Letter: Ducks, Guns and People

Wednesday, May 01, 2013

To the Editor:

A semi-automatic (autoloader) weapon contains a quantity of rounds, each fired by a single trigger pull. The spent cartridge is ejected automatically, with another loaded into the chamber to be fired by another trigger pull. The rounds are contained in a device called a magazine (in some configurations called a clip), and the number of rounds that can be fired without reloading is determined solely by the capacity of the magazine.

At the turn of the last century, John Moses Browning developed a commercially viable semi-automatic shotgun with a magazine capacity of six rounds. The Model 11 was an instant commercial success and became extremely popular among waterfowl hunters who had previously been limited largely to double-barreled shotguns. Almost immediately magazine extensions became available that increased the capacity to 10 rounds. This firepower had a devastating effect on the migratory duck and goose population.

Conservationists and true sportsmen took action.
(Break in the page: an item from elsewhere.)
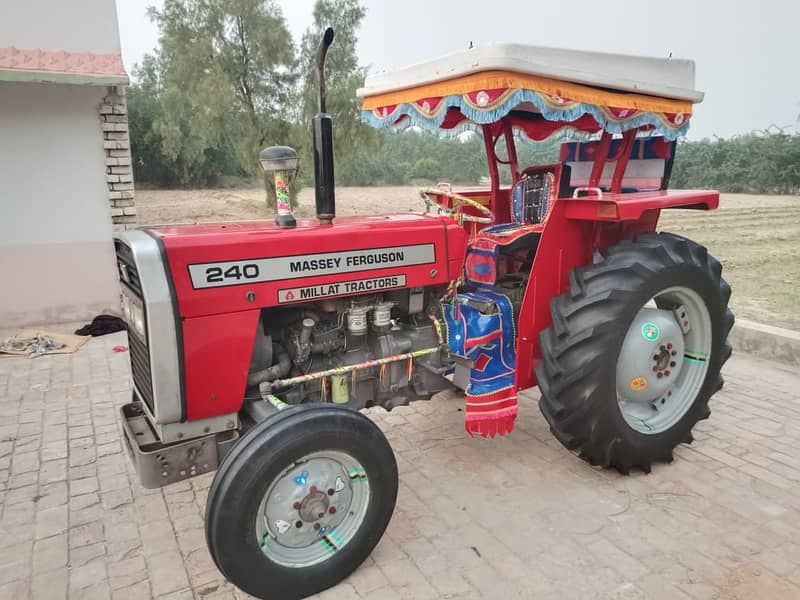 Massey Ferguson 240 Model 2012 4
Partly in response to the slaughter of migrating birds, laws enacted in the 1930s limited to three the number of rounds that a shotgun could legally hold when used to hunt these birds. Autoloaders as well as pump-type shotguns are still in use, but when hunting waterfowl they are restricted to holding three rounds and a wooden plug must be inserted into the magazine to comply. Woe unto the hunter who violates this rule when the game warden arrives!

So, for the past 80 or so years, we have already had in effect a federal restriction on large-capacity shotgun magazines. Nobody has complained that this restriction violates the Second Amendment or that it violates our constitutional rights. The National Rifle Association seems to ignore this specific legal restriction on large-capacity magazines. Indeed, the fact that such a restriction already exists seem to be ignored by both pro- and anti-gun-law-reform factions.

Migratory flocks recovered quickly after the limit was established. There are still ducks to hunt. No black helicopters came, and the federal government did not confiscate everyone’s guns.

Since restricting the magazine capacity has been proven to help save ducks and have no deleterious side effects, might it not do so for people also?